The architectural pattern in solutions that capitalize on BERT is to add task-specific classifiers to fine-tune the model for offensive language detection. Typically, the final hidden state corresponding to the [CLS] token is fed into a dense layer followed by a Softmax layer to predict the offensive content [21]. The approach leverages on the contextual embeddings produced by BERT to improve the accuracy over traditional methods and also reduces the need for large, labeled datasets for the downstream tasks.

In the realm of Arabic text analysis, the application of deep learning techniques faces unique challenges. There are many Arabic dialects and variations which hinder the capacity of models trained on standard Arabic to generalize well [22]. Hence, these models usually need to be fine-tuned using dialect-specific datasets and adaptation approaches. Additionally, the scarcity of large, high-quality labeled datasets in Arabic limits the effectiveness of model pre-training and evaluation. Despite these challenges, recent studies have shown promising results with adaptations of deep learning architectures and pre-trained Arabic BERT models, indicating a growing interest and effort in addressing these linguistic complexities for more robust offensive and hate speech detection solutions in Arabic [23,24,25,26]. In these studies, since there exists no standard Arabic benchmark for offensive language detection, researchers gather their own data to fine-tune their language model. All datasets were gathered from various social media platforms, including Twitter, Facebook, and YouTube. Consequently, the findings may not accurately reflect a language model’s true performance in detecting offensive language, making it difficult to compare different models. Also, data collection and annotation processes can differ from one research study to another. Having a standard corpus will allow for developing more advanced classification systems.
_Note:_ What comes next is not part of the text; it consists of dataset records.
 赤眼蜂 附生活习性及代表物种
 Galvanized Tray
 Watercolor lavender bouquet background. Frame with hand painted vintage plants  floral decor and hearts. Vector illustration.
When it comes to the domain of low-resource languages, several researchers have recently tried to address the gap and have shown interest in different languages: Urdu [27], Greek [28], Nepali [29], and Hindi [30]. This became possible by leveraging pre-trained language models or multilingual language models (e.g., mBERT, XLM-R), which are pre-trained on high-resource languages but fine-tuned on low-resource languages with small datasets. Cross-lingual embeddings allow for the transfer of knowledge from resource-rich to resource-poor languages. However, without proper fine-tuning, reliance on pre-trained models can introduce biases from the source data. Overall, more annotated open datasets are needed for diverse low-resource languages, and efforts should focus on creating balanced datasets that include various forms of hate speech and offensive language.
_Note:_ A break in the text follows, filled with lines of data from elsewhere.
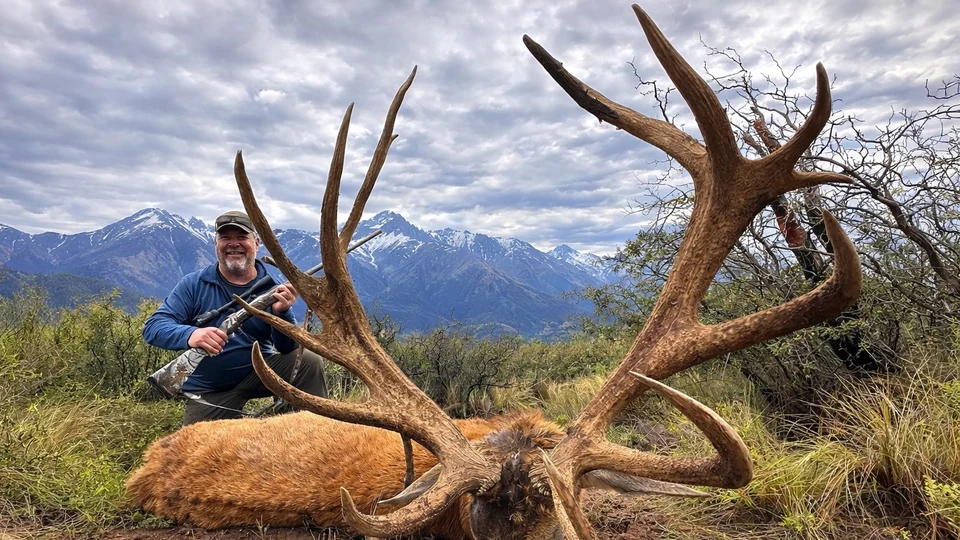 Free-Range Red Stag Hunt in the Patagonian Mountains
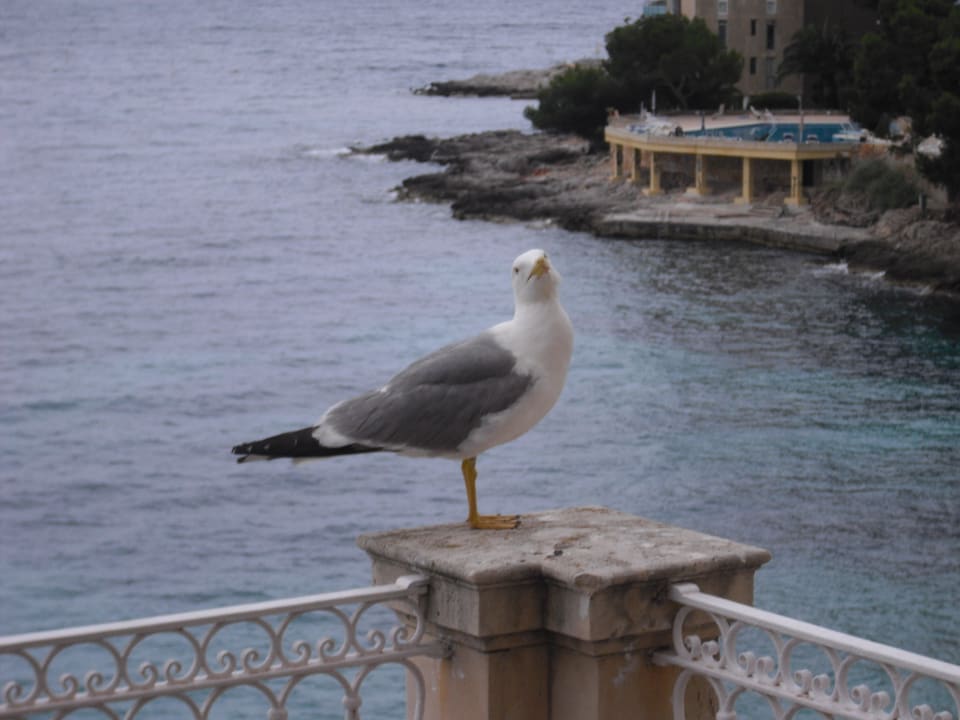 Morgendlicher Besuch auf dem Balkon Hotel Hospes Maricel y Spa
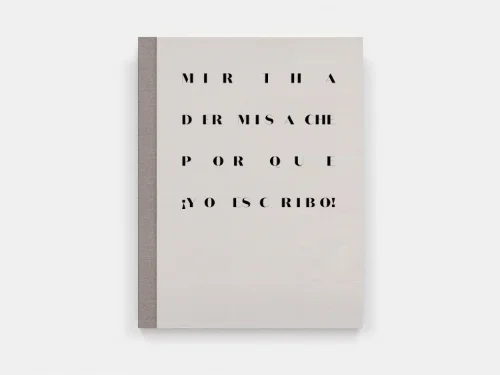 ISLAA - Website - Initiatives - Post 61 - Book Cover - Mirtha Dermisache Because I write!.jpg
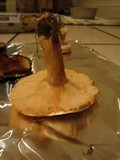 Lactarius pubescens var. betulae image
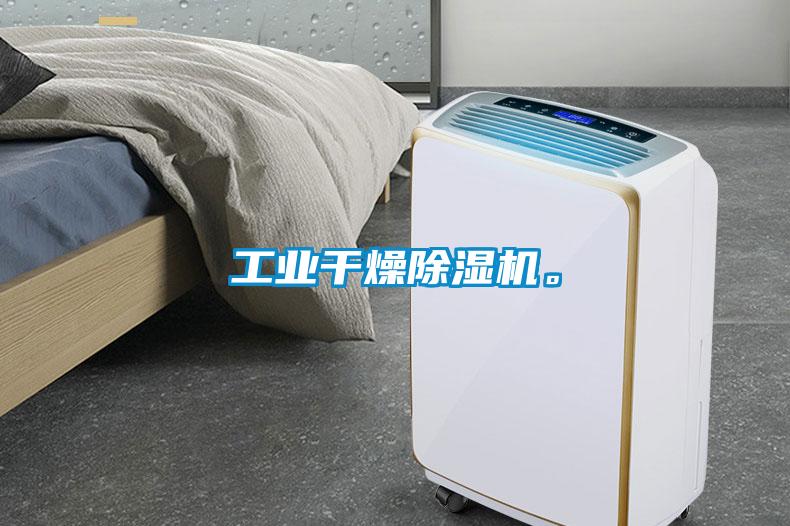 工業(yè)干燥除濕機(jī)。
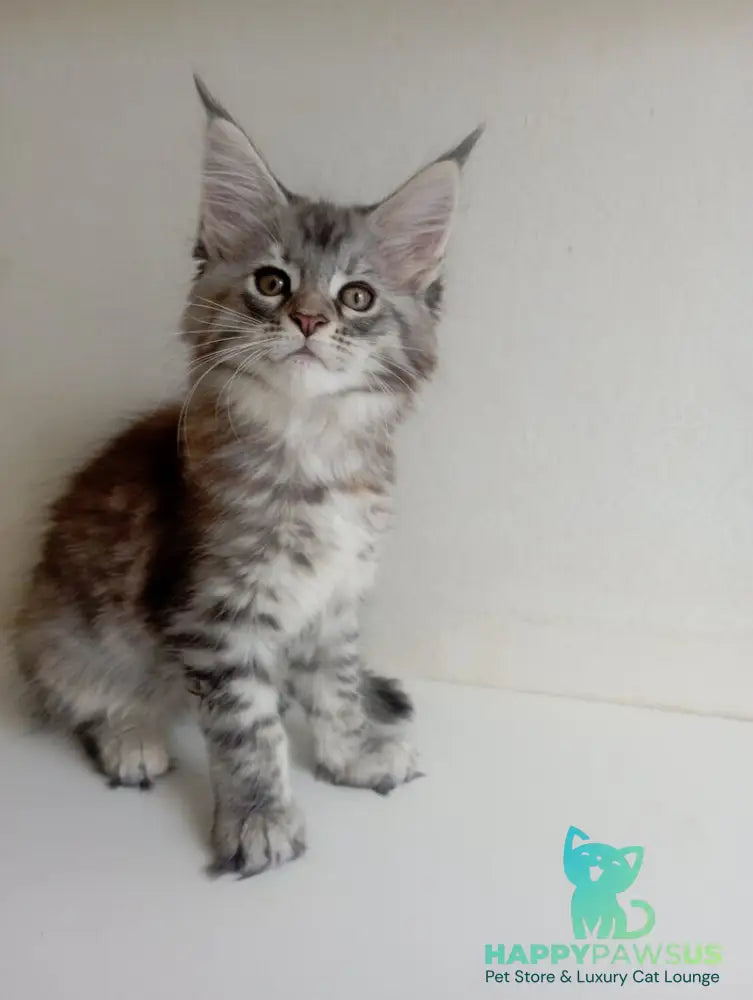 Laima Maine Coon female black tortie silver spotted tabby - live animals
Finally, it is important to note that while the academic models show high accuracy in controlled environments, their practical applications in real-world social network platforms remain limited. There is a need for integrating these models into production pipelines for real-time detection and moderation.

2.2. Testing Machine Learning Models

Testing is a crucial and necessary step in any software development, but it is far more challenging in ML-based software systems due to the inherent uncertainties stemming from their reliance on data, which makes them fail silently. Several studies highlighted the fact that even advanced NLP models can be vulnerable to adversarial attacks [31]. In the context of machine learning, where the input space can be vast and complex, ensuring that the system’s predictions are robust and reliable across various scenarios is crucial. Metamorphic testing is often used in machine learning because it focuses on assessing the model’s behavior in relation to changes in the input data [6]. It ensures the consistency and reliability of machine learning models across various transformations. The basic idea behind this approach is to identify relationships between input and output transformations that should hold true if the system is working correctly, without the need for knowing the exact value of these outputs. Therefore, this approach addresses the challenges associated with the languages’ complex and high-dimensional inputs, and the lack of clear expected outputs [32].
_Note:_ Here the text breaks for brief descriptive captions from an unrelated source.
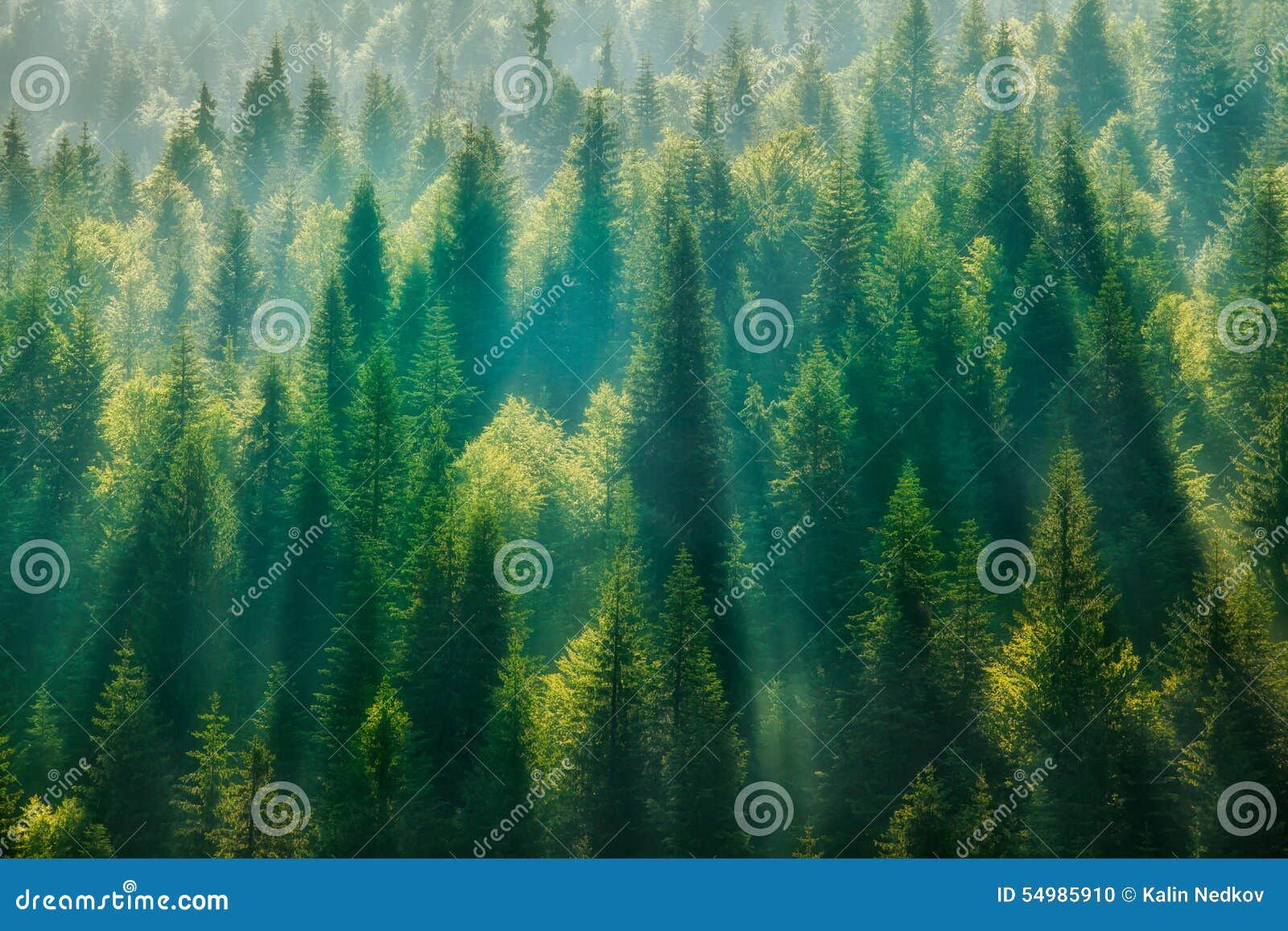 pine tree forest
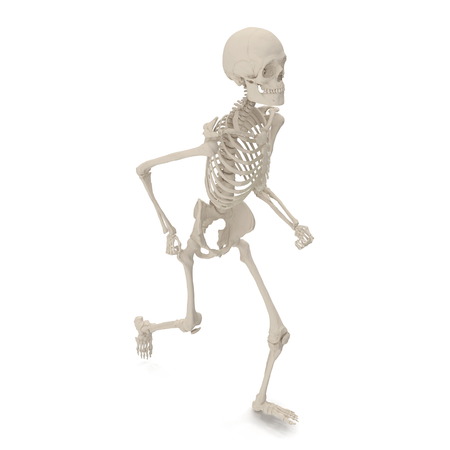 medical accurate male skeleton standing pose on white. 3D illustrationの写真素材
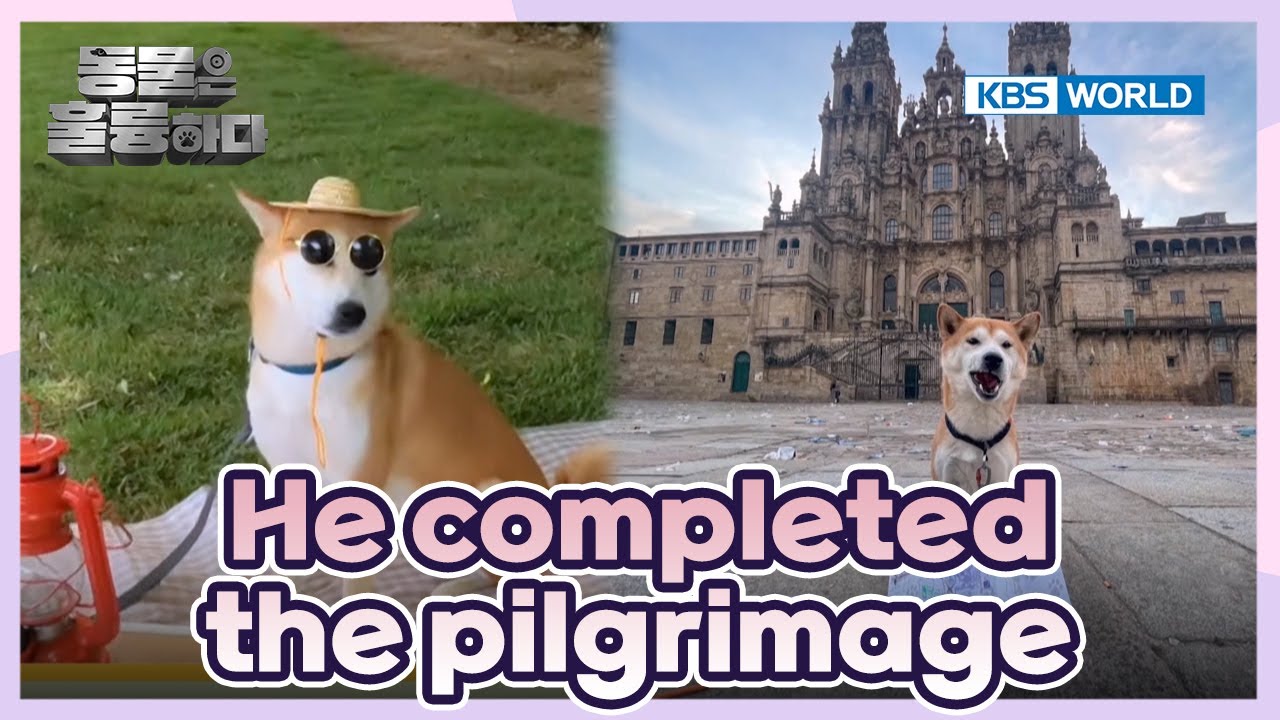 He's a pilgrim dog🐕 [Animals Are Incredible : EP.6-4] | KBS WORLD TV 250205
Metamorphic testing has been used to assess different types of properties, such as robustness or fairness. The attacks are generally black-box or white-box with (sometimes) a known target output [6]. In black-box testing, input is provided to the system and output is recorded without a need for accessing the internal workings of the system. This method allows for testing any model without the need to know its structure or implementation. In contrast, the white-box method requires knowledge of the model’s internal structure and implementation, and the created test cases may only be applicable to that specific model [33]. Black-box testing approaches commonly make use of adversarial data to test ML models. Typically, adversarial data are obtained by applying subtle modifications to the input text, small things that normally should not change the outcome for a modified sentence. The objective of testing is to attack the model using the adversarial data and identify the attacks’ success rates. The basic idea behind this approach is to identify how the outputs change according to the inputs’ transformations, without the need for knowing the exact values of these outputs. Therefore, this approach addresses the challenges associated with NLP systems’ complex and high-dimensional inputs, as well as the lack of clear expected outputs.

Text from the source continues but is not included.